Crawled caption data:
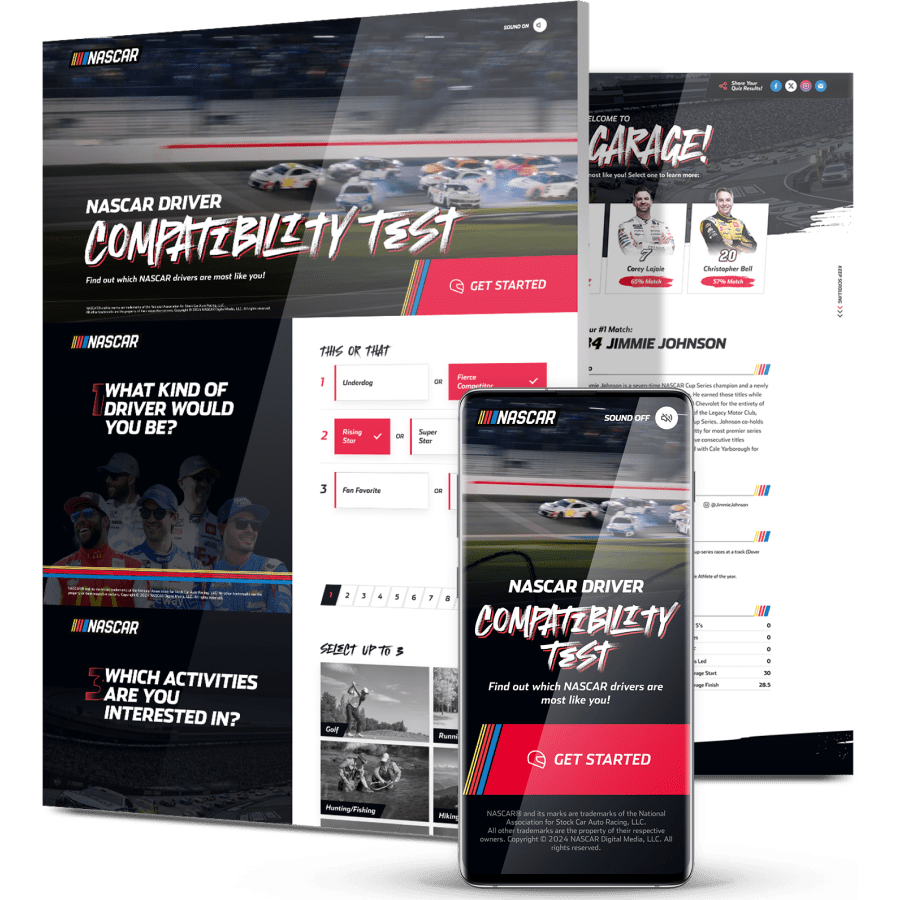 Image showing Nascar's website design on desktop and mobile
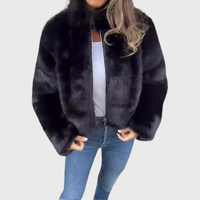 Alina | Warme Fleecejacke Damen Teddy modern chic in Schwarz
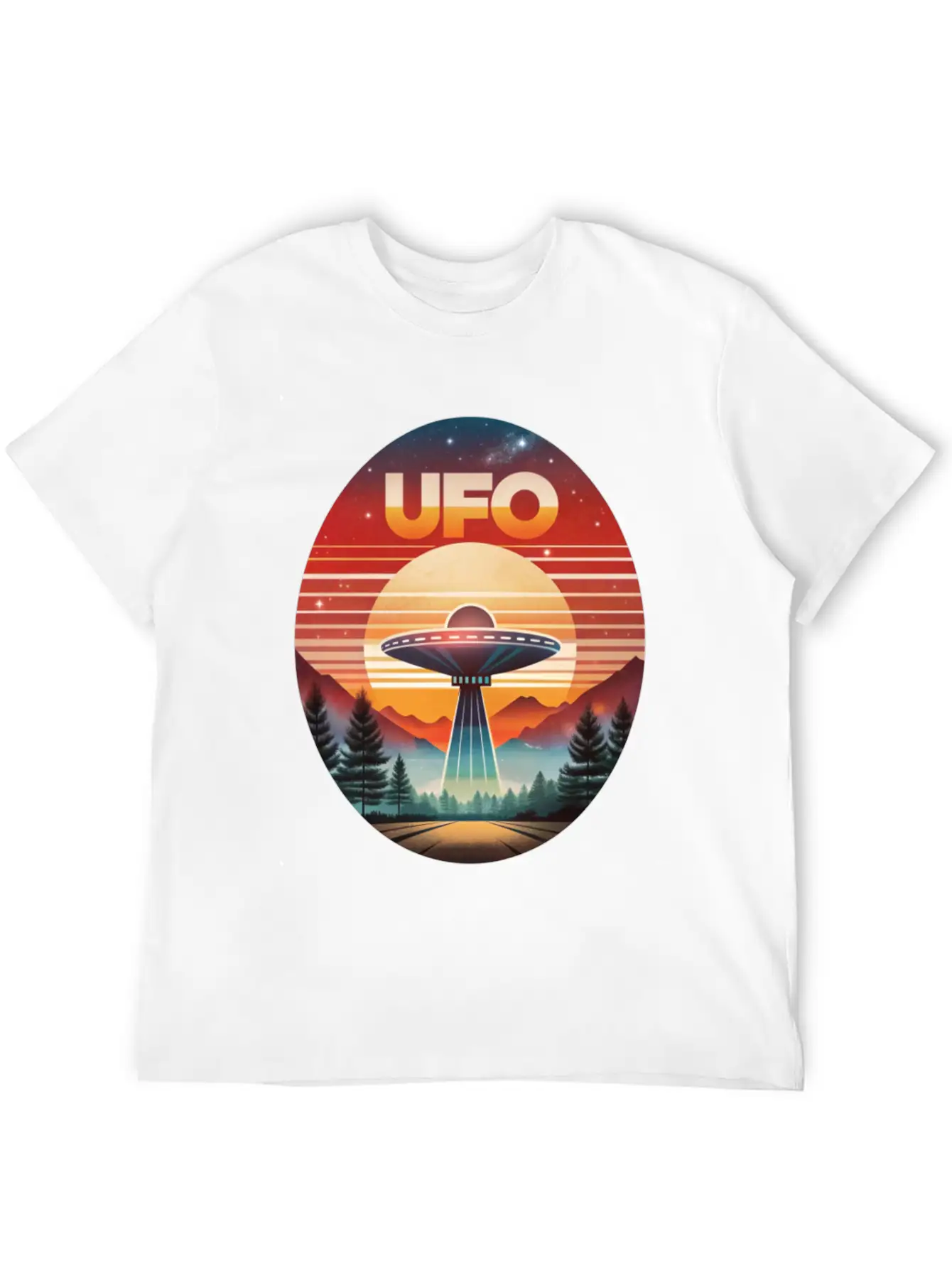 Vintage UFO Sunset Streetwear Style Soft Cotton Short Sleeve Tee – Unisex Wardrobe Staple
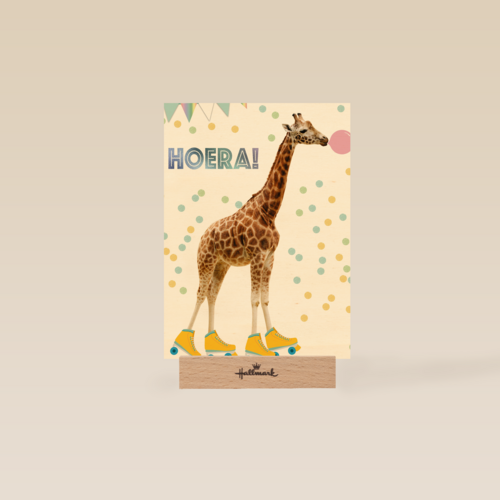hoera met deze giraffe met confetti
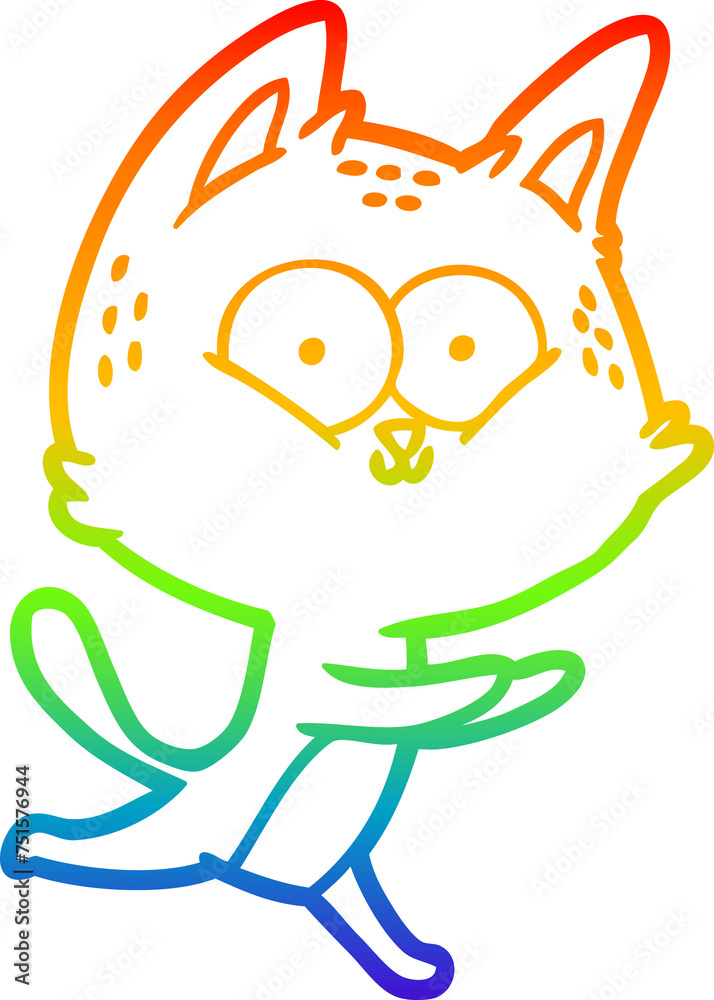 Obraz premium rainbow gradient line drawing cartoon cat running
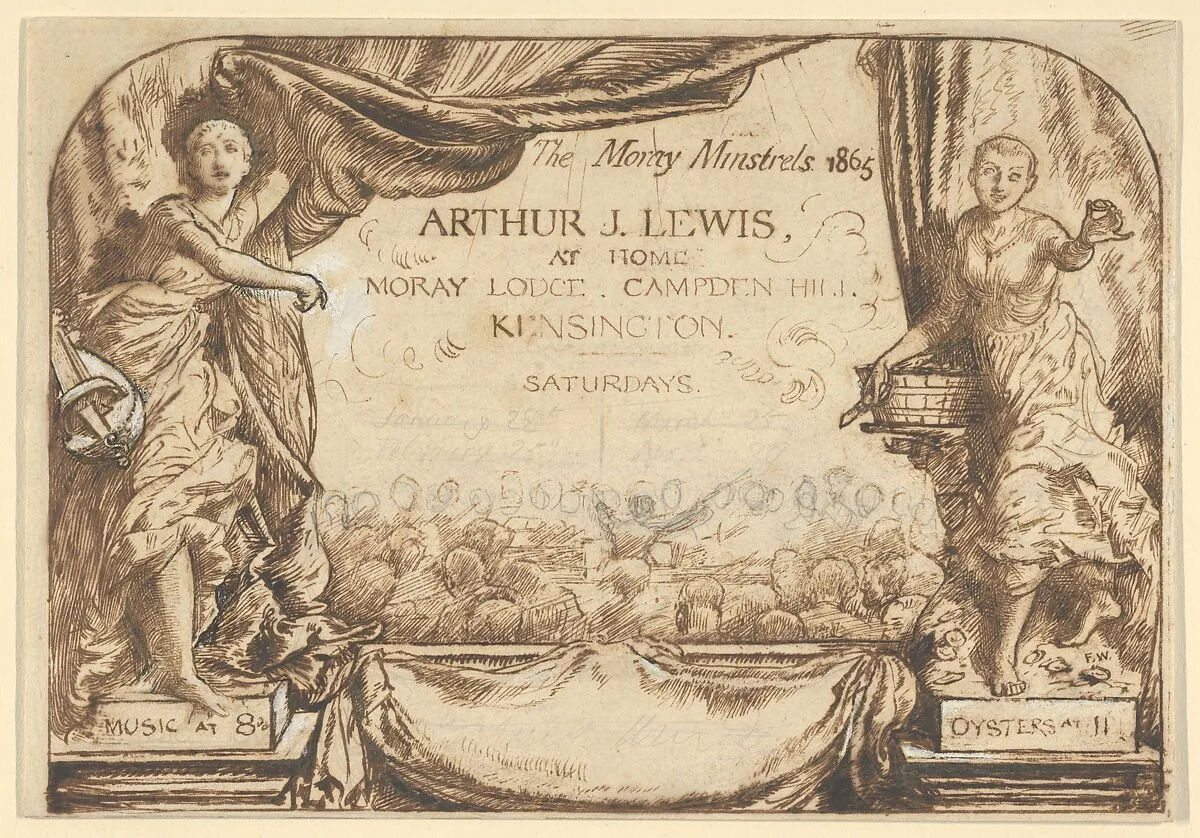 The Moray Minstrels (Design for Invitation card of Arthur James Lewis) — Arthur James Lewis|Frederick Walker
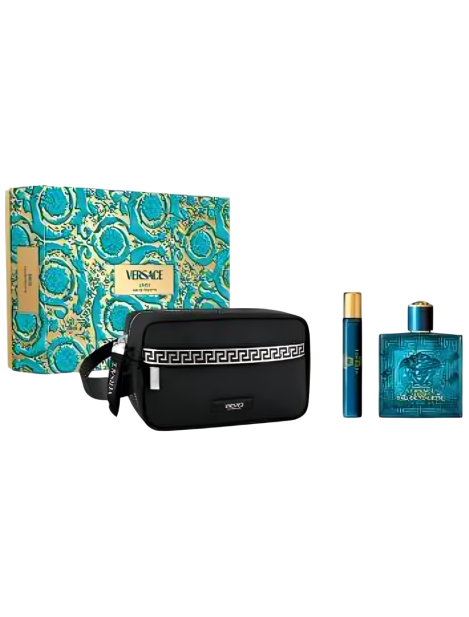 Versace Cofanetto Eros Eau De Toilette Uomo 100 Ml + Eau De Toilette Uomo 10 Ml + Pochette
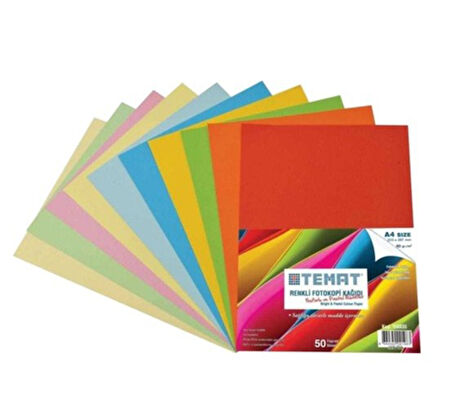 Temat Renkli Fotokopi Kağıdı A4 Fosforlu ve Pastel 50Li - 3 paket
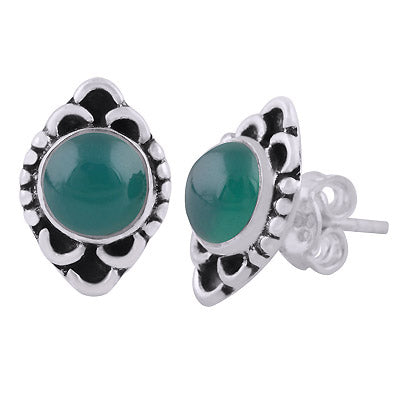 Stunning Oxidised Work Around Green Onyx Round Shape 925 Sterling Solid Silver Stud Earrings - R6100604-8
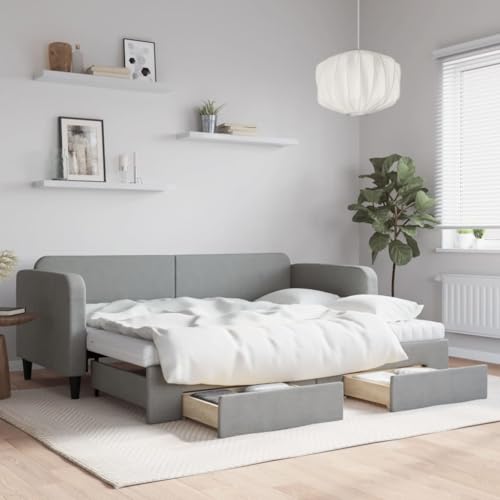 Teenpull Ausziehbares Tagesbett Hellgrau 80x200 cm, gepolstertes Bett mit Stauraum Schubladen, multifunktionaler Bettrahmen inklusive Matratze für Wohnzimmer Möbel von Teenpull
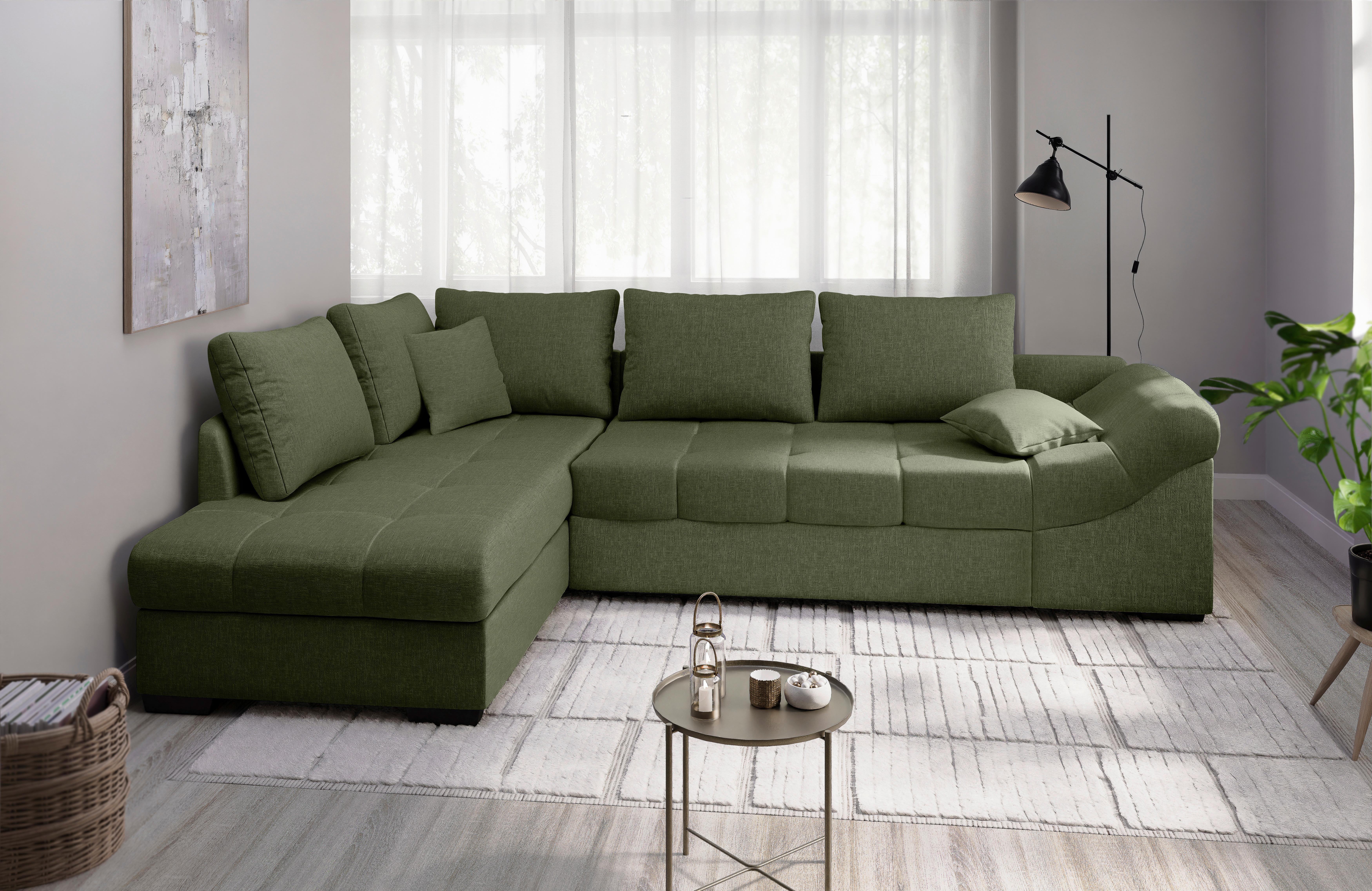 Eckschlafsofa Alvito Grün S: 202x298 Cm - Schwarz/Grün, MODERN, Textil (202/298cm) - MID.YOU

## [WORK ORDER]
The full set of entries should be transcribed exactly, pictures left aside.

## [EXPECTED ANSWER]
 Image showing Nascar's website design on desktop and mobile
 Alina | Warme Fleecejacke Damen Teddy modern chic in Schwarz
 Vintage UFO Sunset Streetwear Style Soft Cotton Short Sleeve Tee – Unisex Wardrobe Staple
hoera met deze giraffe met confetti
 Obraz premium rainbow gradient line drawing cartoon cat running
 The Moray Minstrels (Design for Invitation card of Arthur James Lewis) — Arthur James Lewis|Frederick Walker
 Versace Cofanetto Eros Eau De Toilette Uomo 100 Ml + Eau De Toilette Uomo 10 Ml + Pochette
 Temat Renkli Fotokopi Kağıdı A4 Fosforlu ve Pastel 50Li - 3 paket
 Stunning Oxidised Work Around Green Onyx Round Shape 925 Sterling Solid Silver Stud Earrings - R6100604-8
 Teenpull Ausziehbares Tagesbett Hellgrau 80x200 cm, gepolstertes Bett mit Stauraum Schubladen, multifunktionaler Bettrahmen inklusive Matratze für Wohnzimmer Möbel von Teenpull
 Eckschlafsofa Alvito Grün S: 202x298 Cm - Schwarz/Grün, MODERN, Textil (202/298cm) - MID.YOU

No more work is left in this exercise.